And so begins a wild night of adventure as Annie and Jay try to return the video to the deleted items bin where it belongs – but in the tension of the chase, the truths of their relationship will come to the fore.  'The movie is about the challenges of marriage, and trying to keep it fresh," Cameron Diaz continues.  'Losing the sex tape is something that might cost them, but instead it ends up strengthening the relationship – reminding them of the team they've always been."

'Jay and Annie make this slightly questionable decision, but hopefully you understand why they do it," says Jake Kasdan, who directs the film.  'There's something about Cameron and Jason that makes this relatable – you can identify with them.  They're hugely accessible and charming – and they make marriage look pretty good."
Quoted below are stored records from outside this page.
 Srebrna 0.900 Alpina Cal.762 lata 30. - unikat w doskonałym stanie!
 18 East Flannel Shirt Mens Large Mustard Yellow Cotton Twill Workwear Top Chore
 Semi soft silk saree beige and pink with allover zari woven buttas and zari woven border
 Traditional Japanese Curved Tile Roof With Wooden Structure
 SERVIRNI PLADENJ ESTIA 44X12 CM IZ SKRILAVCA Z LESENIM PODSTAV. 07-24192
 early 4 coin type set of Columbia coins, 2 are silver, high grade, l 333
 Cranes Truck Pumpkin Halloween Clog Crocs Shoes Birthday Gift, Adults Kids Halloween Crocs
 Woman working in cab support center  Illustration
The idea for Sex Tape began in the offices of producers Todd Black and Jason Blumenthal during a meeting with writer Kate Angelo.  After working with Kate Angelo on the film The Back-up Plan, the producers were eager to work with Kate Angelo again, so the writer came in to discuss possible ideas.  'We were coming up with ideas, she was coming up with ideas, and then Jason Blumenthal wondered what would happen if an ordinary married couple made a sex tape and they woke up the next day and the tape was missing," Todd Black remembers.  'My mouth literally dropped open, Kate Angelo's mouth dropped open and Jason Blumenthal sat there smiling.  We proceeded to stay in my office for hours, riffing on this great concept."


Rolled up into one idea was a story that could simultaneously be an outrageous sex comedy and also a romantic comedy with a lot of heart.  'We knew we had something right away – a married couple very much in love that decides to try something adventurous, and then all hell breaks loose," continues Jason Blumenthal.  'What's more satisfying than watching a movie about a husband and wife forced on a challenging journey – especially one that involves retrieving their private sex tape – who fall even more deeply in love?"
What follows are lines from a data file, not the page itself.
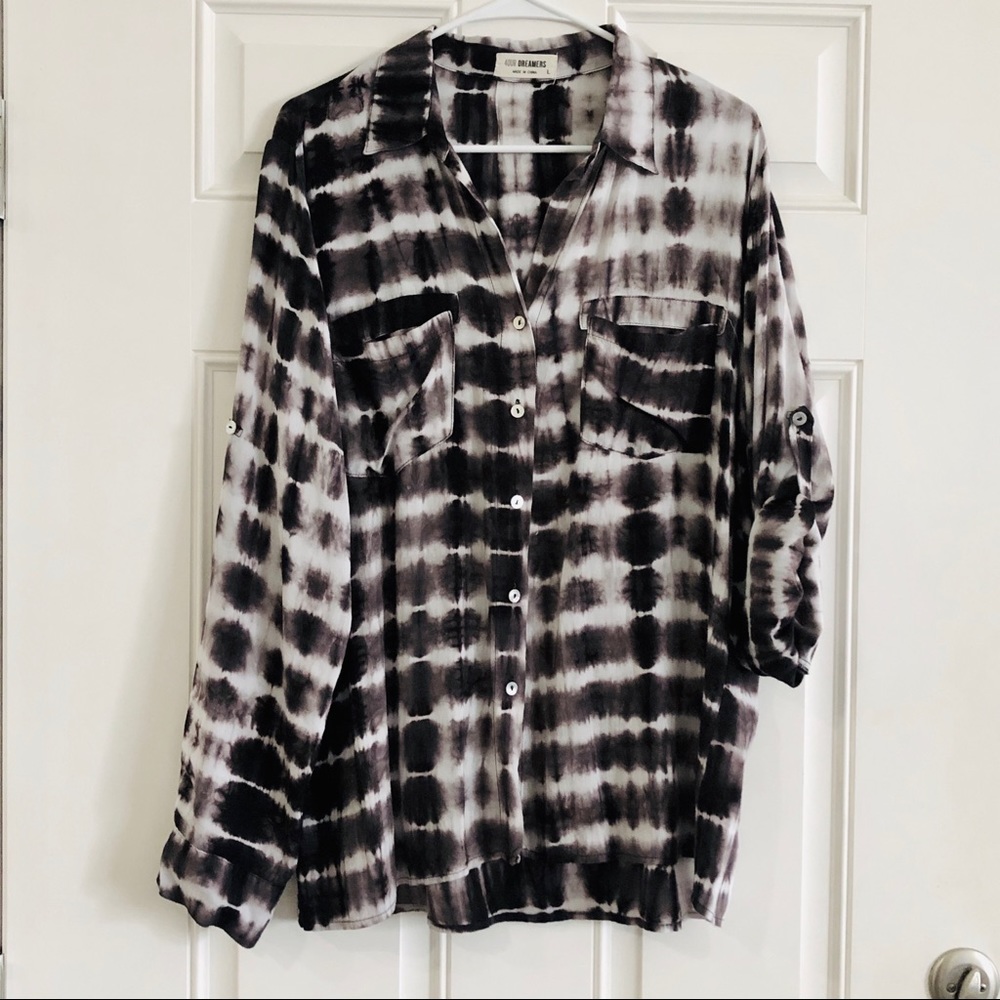 Four Dreamers Tie Dyed Blouse Size Large GUC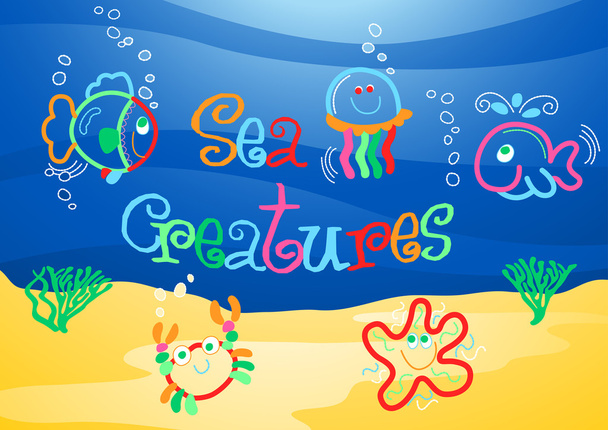 Little sea creatures under the sea - Vector, Image
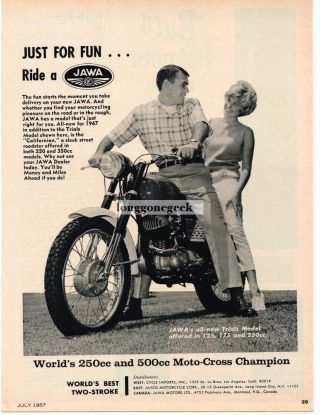1967 Jawa Trials Model Motorcycle Vtg Print Ad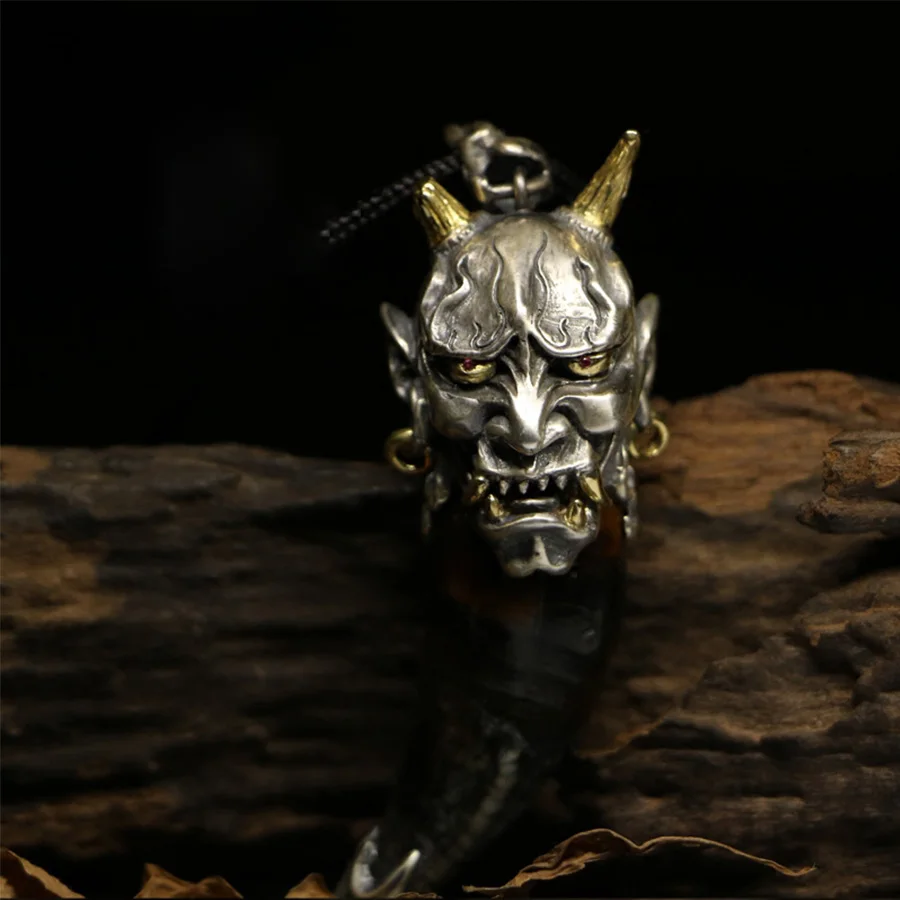 925 стерлингового серебра злой они Noh Hannya буддистская маска настроить Hanmade HANNY кулон ожерелье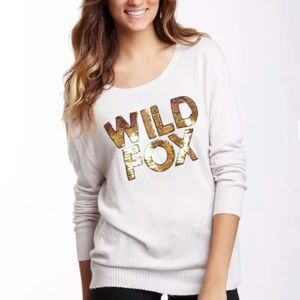 Wildfox Logo Gold Sequin Grey Sweater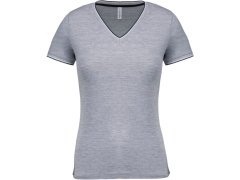 Kariban K 394 Dámské piqué tričko s&nbsp;V výstřihem 20.K394 oxford grey/navy/white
'What I learned from producing Risky Business in the early 80s," says producer Steve Tisch, 'was that you can't take the audience for granted – they're smart, they know what they want.  My producing partner at the time, John Avnet, the writer/director Paul Brickman, and I thought, -Let's give this audience something more intelligent with complicated characters and a plot that's not one dimensional and see how we do.' I think we're doing that with Sex Tape."

Kate Angelo, a veteran writer of such television shows as 'Will and Grace" and 'Becker," says, 'Writing -Sex Tape' was perhaps the most fun I've ever had writing a script, particularly because the idea of making, and then losing, a sex tape is so outrageous and cringe-worthy, it just keeps driving the story forward.  The key was grounding the couple and making their marriage relatable.  All of the bawdy and raunchy comedy in the film works because if you love this couple and relate them, then you can go anywhere with them."

'I think everyone who has been married a while and has young children can relate to the feeling that the spark has dimmed a bit (sorry, honey, if you're reading this)," Kate Angelo continues.  'I loved the idea of trying to rekindle that spark with a night of reckless passion, innocently making a sex tape and then waking up to find it missing.  The surprise is that it's the crazy and hilarious journey to track it down that brings them back together.  They are finally united and back on the same team."

Once Kate Angelo had turned in her first draft, the producers knew they'd struck gold.  'It's a really good, sharp idea with a great title, and if we didn't make it somebody else would," says Todd Black.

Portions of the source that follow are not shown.